** Opening Recorded information block **
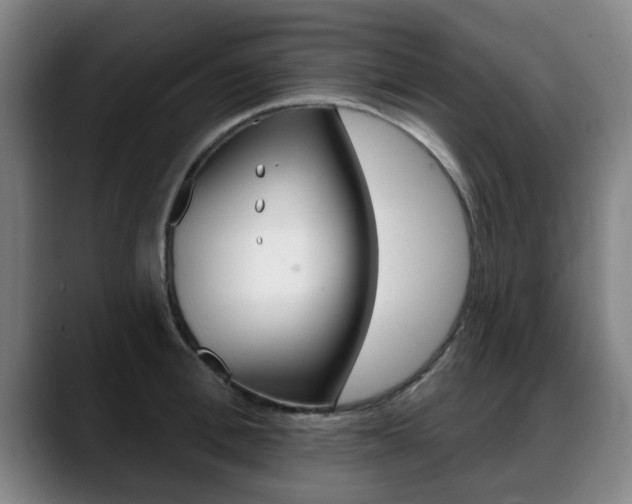 X0000089420996200706151000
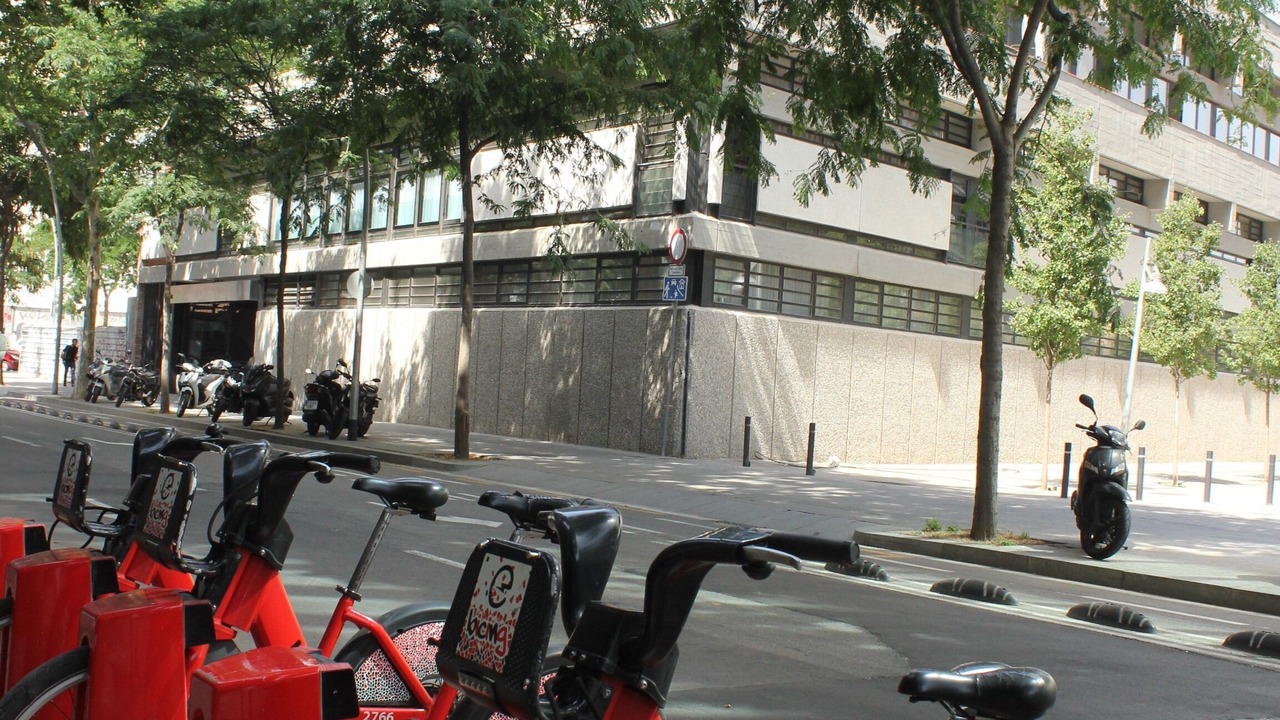 Photo of Outdoor in El Parc i la Llacuna del Poblenou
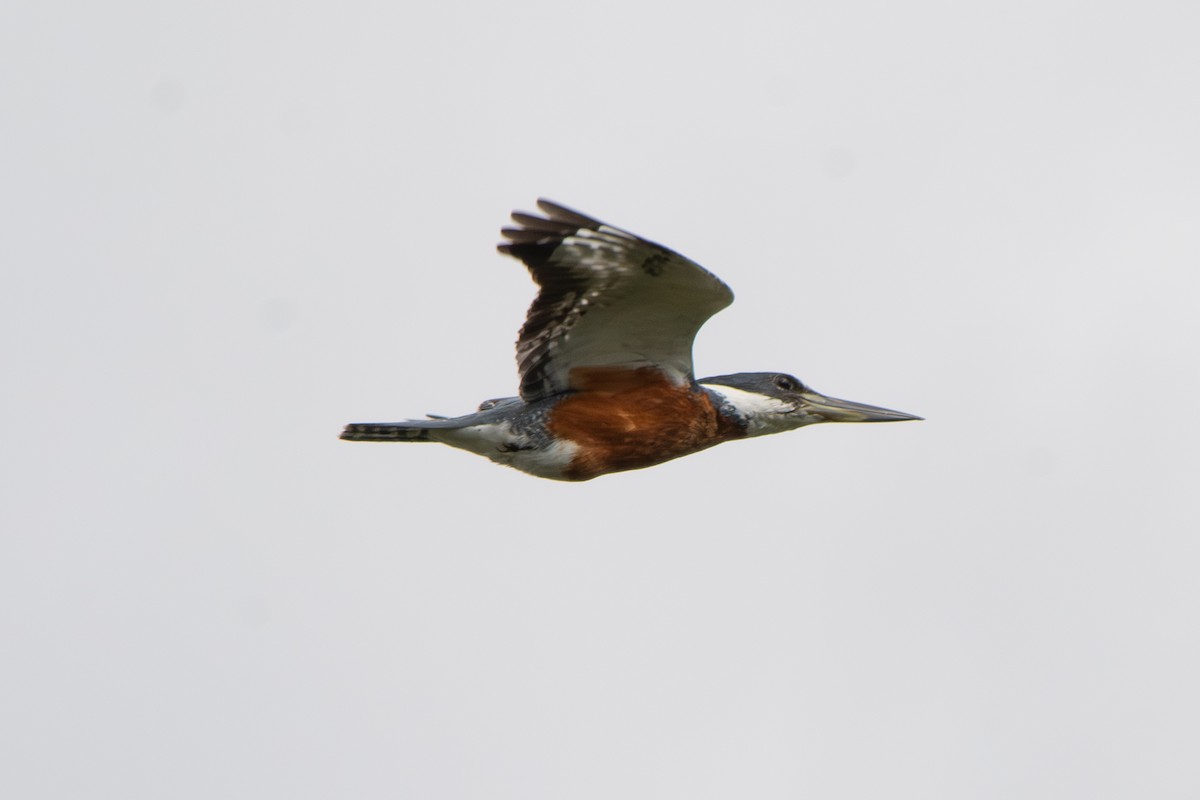 Ringed Kingfisher - ML642136580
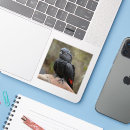 Suche nach kakadu aufkleber Vogel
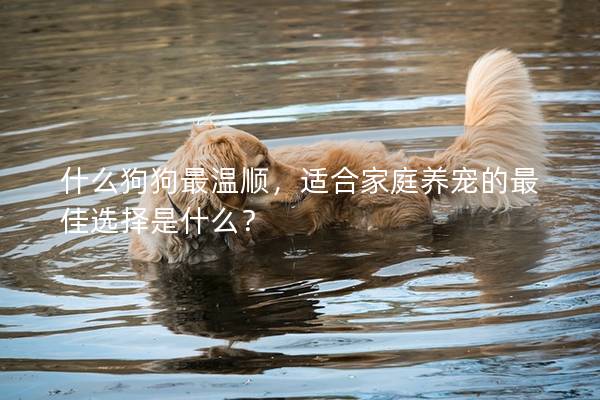 什么狗狗最溫順,適合家庭養(yǎng)寵的最佳選擇是什么? 什么狗狗最溫順,適合家庭養(yǎng)寵的最佳選擇是什么?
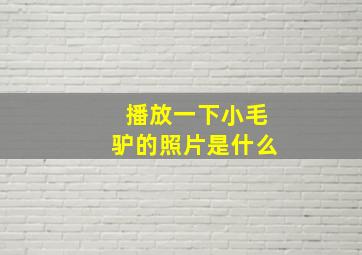 播放一下小毛驴的照片是什么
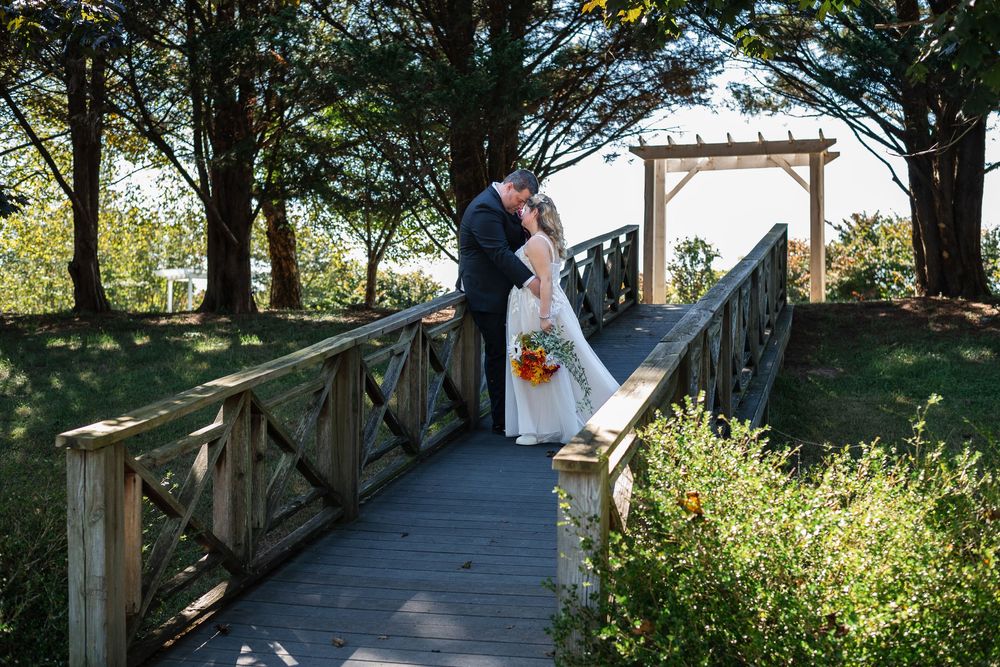 A couple embraces on a wooden bridge walkway surrounded by lush greenery and trees on a sunny day.
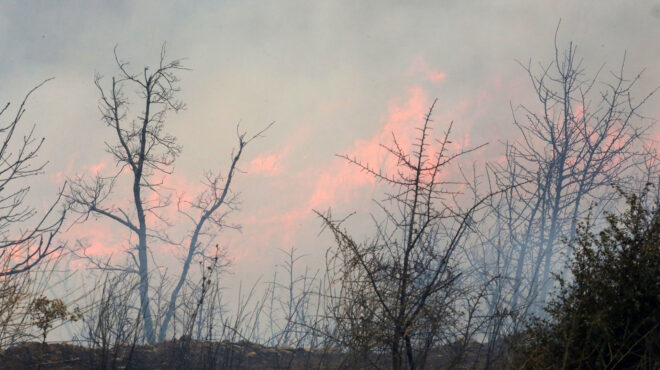 οι-φρουροί-του-δέλτα-και-οι-πολιτικέ-562586131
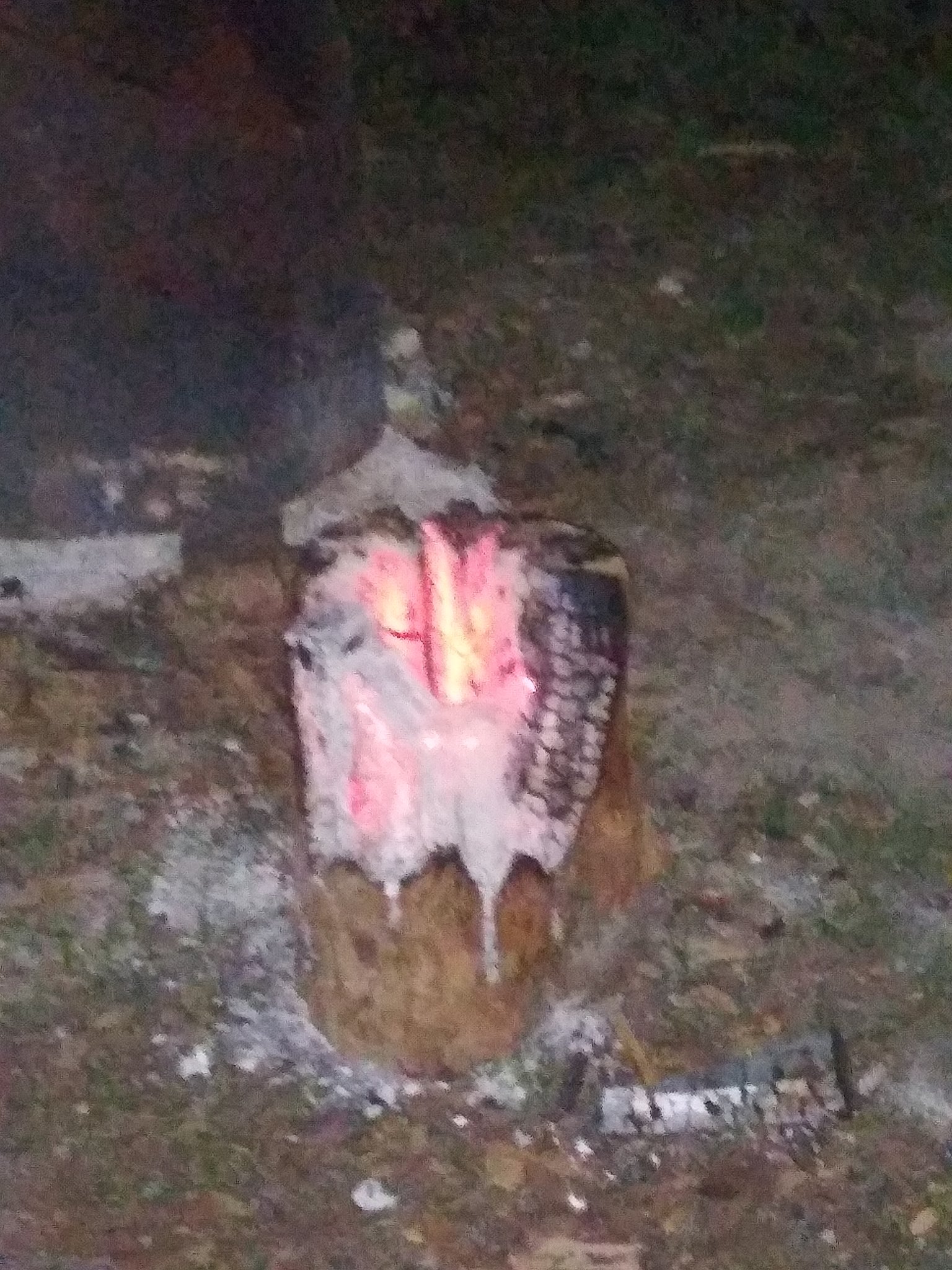 20200503_230933.jpg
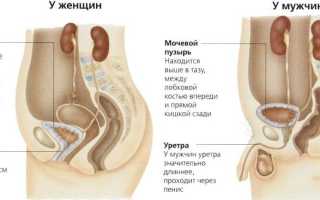 Размер мочевого пузыря у мужчин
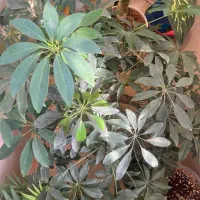 گل شلفرا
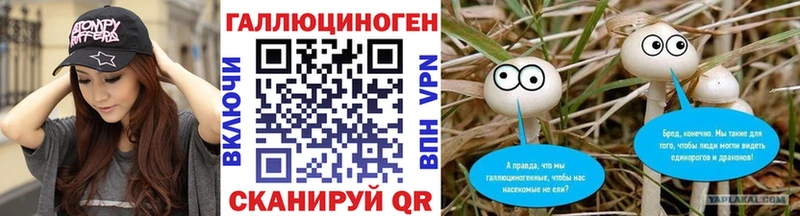как найти наркотики  Бирск  Псилоцибиновые грибы Psilocybe 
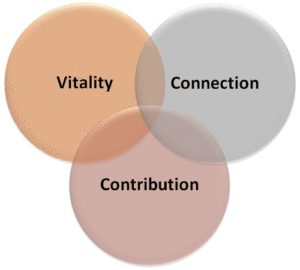 vitality, connection, contribution
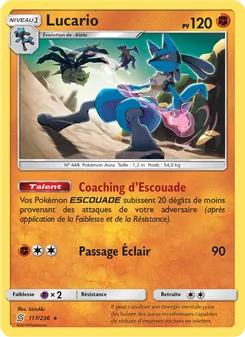 Carte Pokémon Lucario 117 — Harmonie des Esprits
** Closing Recorded information block **
[Problem requirements]
Pictures are to be left out when the lines from the one containing "vitality, connection, contribution" through the end of the records above are repeated exactly; no other line is wanted.

[Result of this exercise]
 vitality, connection, contribution
 Carte Pokémon Lucario 117 — Harmonie des Esprits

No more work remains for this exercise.